Como homenaje a su mentor, la estrella de la carta del restorán montevideano era también la estrella de la carta del restorán londinense. No recuerdo el nombre que tenía en la carta montevideana, pero en el original londinense el ingrediente central era “bone narrow”.

O sea, se trataba de un hueso (de vaca, supongamos, y, tratándose de restoranes de Londres, no pensemos en la escena final de The Cook, the Thief, His Wife & Her Lover) abierto a lo largo en dos mitades, y horneado con perejil y cierta sal muy especial recolectada en las costas marítimas de Francia, seguramente por quinceañeras núbiles japonesas vestidas de blanco. Entonces, aparte de la sal coquette y el perejil, lo único comestible del plato es la médula ósea horneada.

O sea, caracú al horno con sal y perejil. A lo mejor es delicioso, no tengo idea, porque las comidas de canje de este restorán en particular estaban acaparadas por la dueña de la revista y no llegaban a sus plumíferos. Pero que es un plato diferente, es diferente.

Cuando me tocó hacer la inevitable nota a los dos tipitos, y sus (breves hasta el momento) vidas y carreras, me llamó mucho la atención ese plato estrella, y su origen londinense. Así que me puse a investigar. Google mediante ubiqué el restorán donde el tipito había hecho su aprendizaje, leí sobre la vida y carrera (extensas) de su chef, y averigüé que en efecto, el plato estrella del lugar era el caracú con sal marina francesa y perejil.

Y al revisar la carta del restorán (completa on line, con precios y detalles, gran diferencia respecto a los usos uruguayos), descubrí algo sorprendente, que no recuerdo si llegué a incluir en la nota: el caracú con perejil y sal, en Uruguay, el país de las vacas, salía al comensal más caro que degustado en su lugar de origen, en Londres, por aquella época (y creo que lo sigue siendo) la ciudad más cara de Europa.

O sea, estos tipitos cobraban por un hueso partido al medio al horno, llevado a dólares, más que el chef inglés encumbradísimo que había inventado la receta.
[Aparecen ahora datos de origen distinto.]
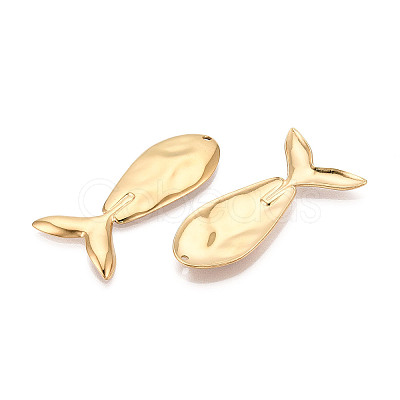 304 Stainless Steel Whale Big Pendants X-STAS-T069-16G-1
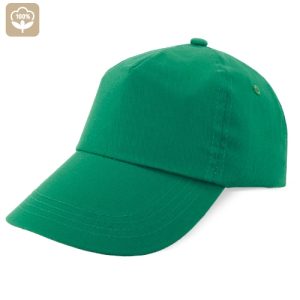 GORRA 100% ALGODÓN VELCRO "NAVIA" VERDE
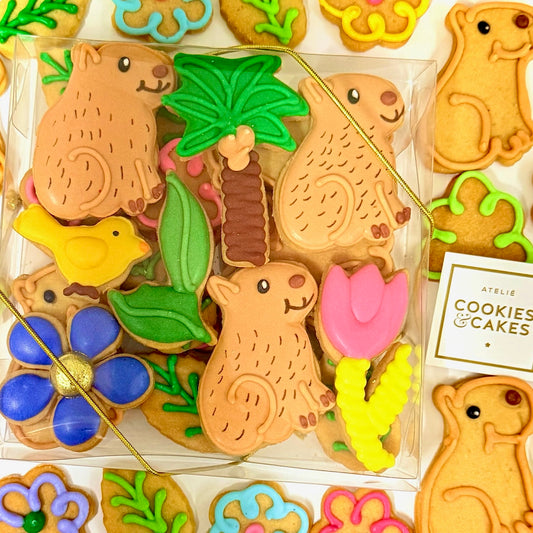 Caixa biscoitos Decorados Capivaras 140g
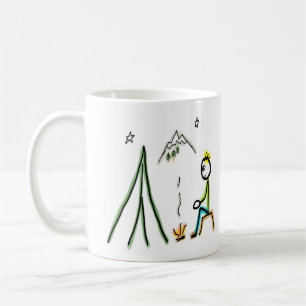 Camping Stickman Koffiemok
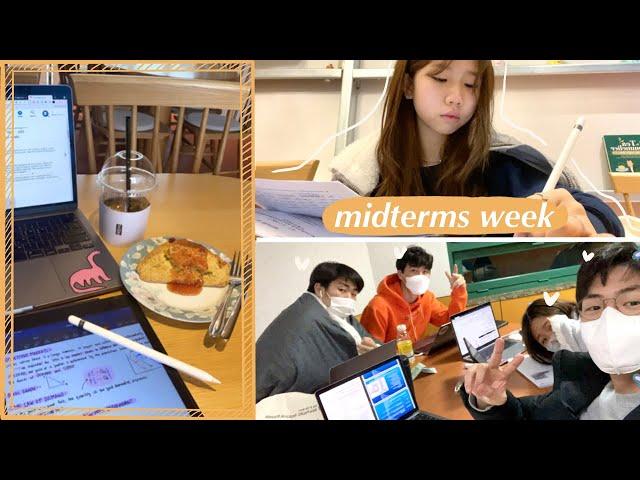 MIDTERMS WEEK // productive & busy days - winter in korea 2021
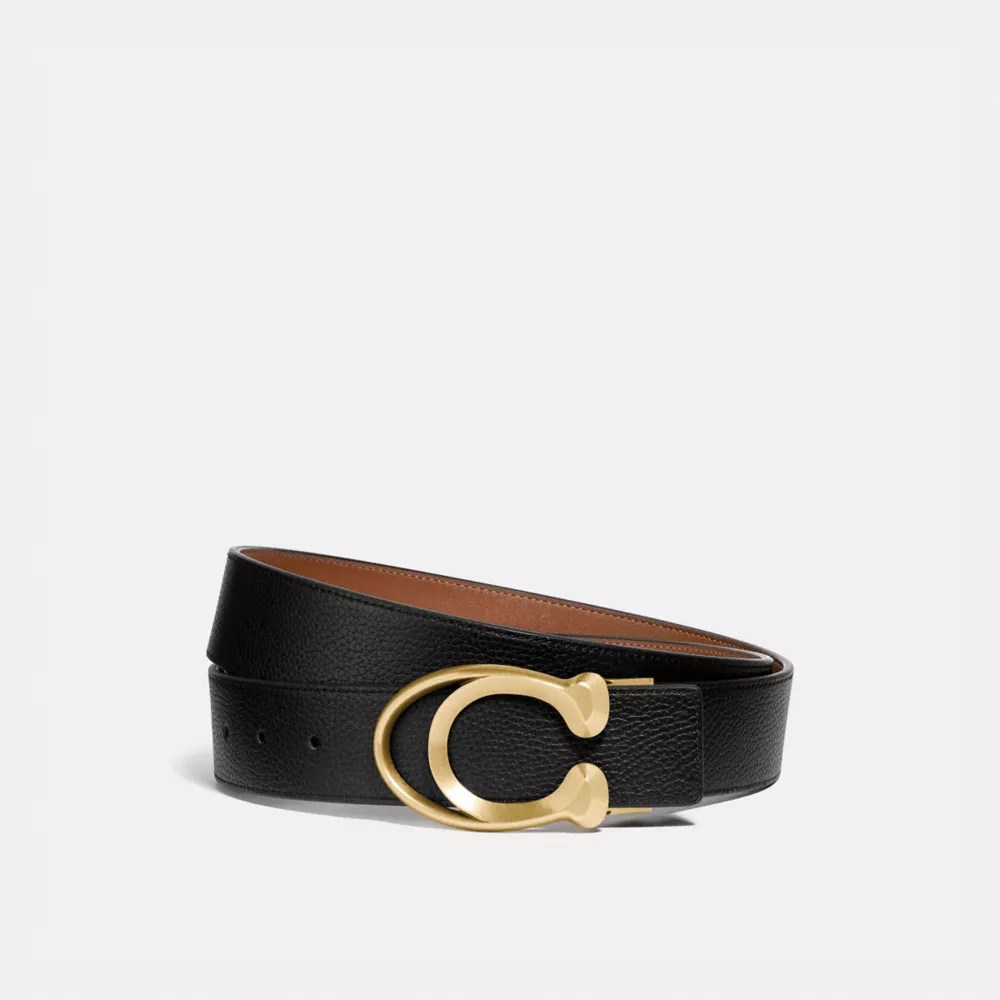 COACH® Signature Buckle Belt, 38 Mm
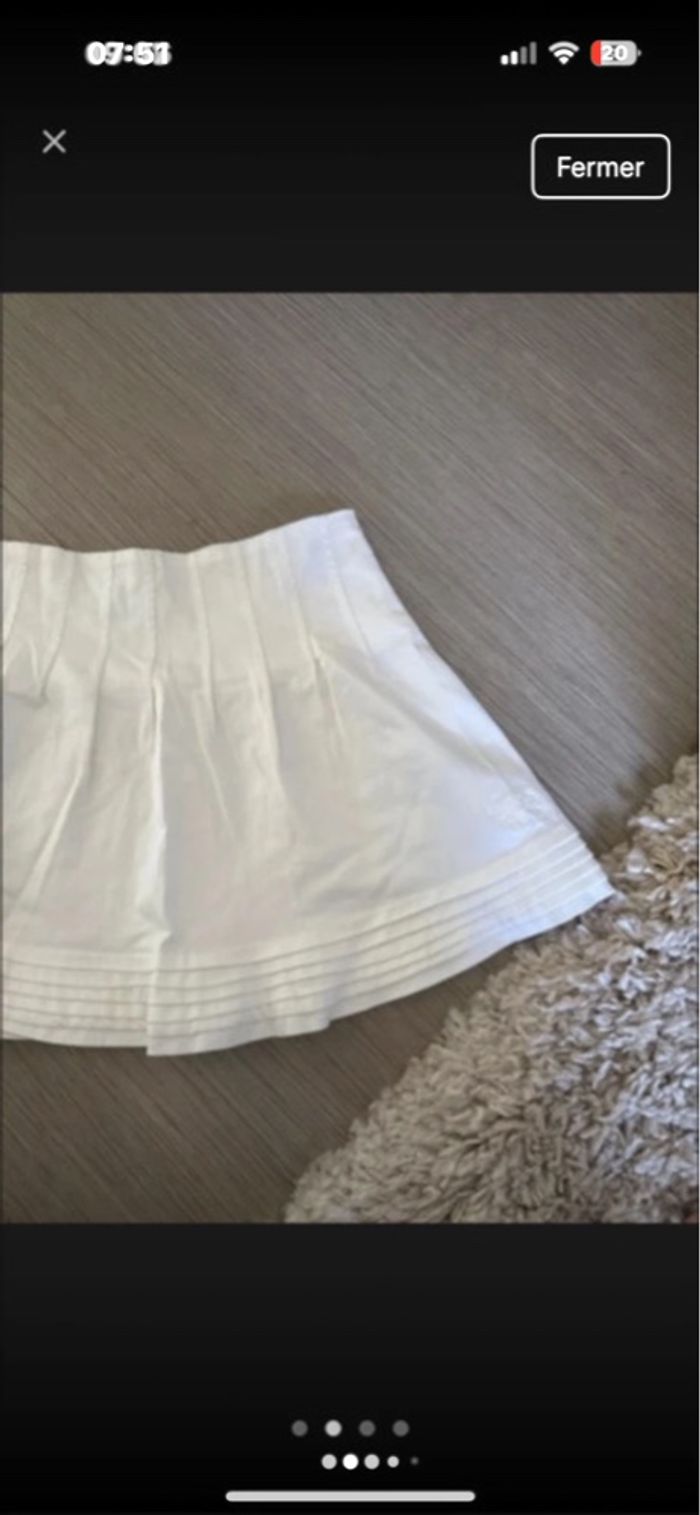 Jupe tartine et chocolat blanche quasi neuf 6 ans - photo numéro 2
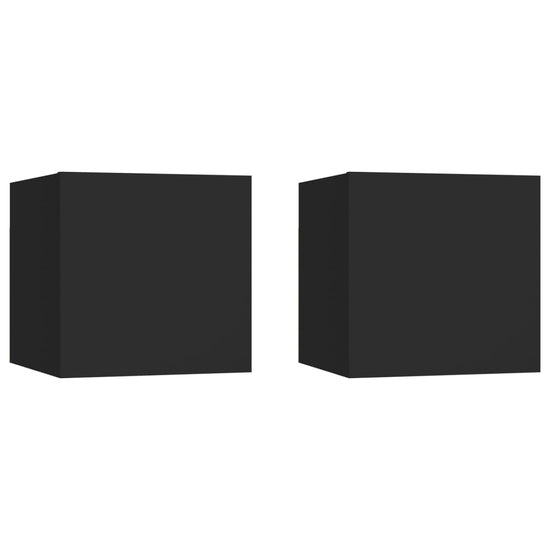 Tv-wandmeubelen 2 st 30,5x30x30 cm zwart MeubelReus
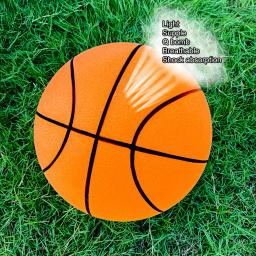 Bola mudo saltitante infantil, alta resiliência, drible, treino de basquetebol, espuma, aro, laranja, 18, 21, 24cm, 1-2 peças - Image 3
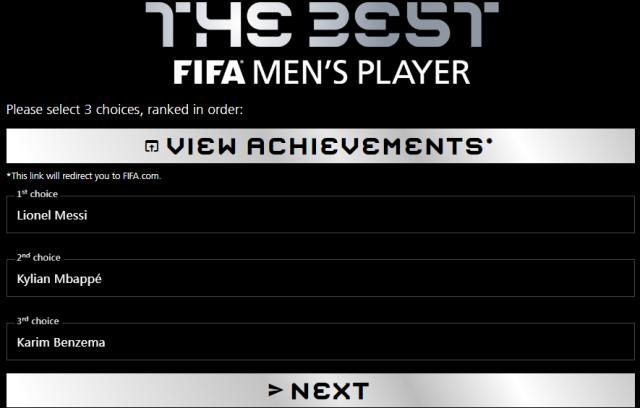 U球体育官方网站-体坛FIFA男足选票：评选无难度，更无争议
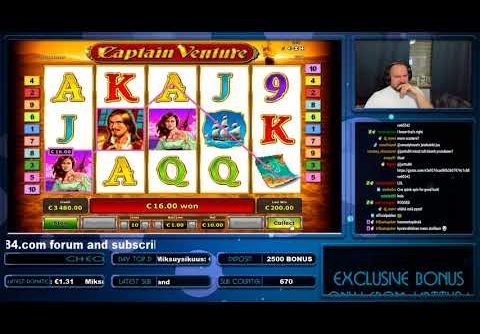 Super Big Win From Captain Venture Slot!!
Tomando en cuenta que la sal exclusivísima era un insumo extranjero en ambos lugares, y descontando que el precio del perejil pudiera hacer la diferencia, algo extra cobraban estos tipitos. Algo que no estaba en el plato. Algo que, por más que su local estaba bien puesto, no era triple mantel, cubertería de plata o servicio de 4 personas a disposición (cosas que sí parecía tener el local de Londres). Algo intangible. Algo mallmanniano.

En general, cuando uno hace referencia coloquialmente a visitas a lugares así, suele referirse al desembolso final aludiendo de diversas maneras a estiramientos compulsivos de zonas sensibles del cuerpo.

Pero hay estiramientos y estiramientos. Lo mínimo que uno espera si le sucede tal percance es que la acción sea reflejo de lo que tuvo en el plato, de cómo lo atendieron y del entorno en que pasó la última hora u hora y media. Sacando estos acontecimientos, que pueden hasta considerarse felices, están los otros, los inexplicables, los mallmannianos, los más caros que en Londres, los puntaesteños (no hay ecuación que justifique que un café con leche, café y un chorro de leche, en Les Delices salga al precio de un chivito canadiense montevideano).

Claro, el misterio se resuelve porque siempre habrá gente que esté feliz de dejarse estirar sus zonas sensibles por cierta mística, cierta fama, cierto glamour de opereta. Si no es el propio Mallmann quien lo hace, son esas las personas que suben con orgullo su factura delirante a las redes, que se sacan selfies en las mesas de Garzón como muestra de estatus, o que suben a otras redes fotos de su plato de caracú más caro que en Londres.

Para mí, lo único que están haciendo es demostrar la inconmensurable capacidad de estiramiento de sus zonas sensibles.

Ojo, para mí, que de esto no entiendo nada.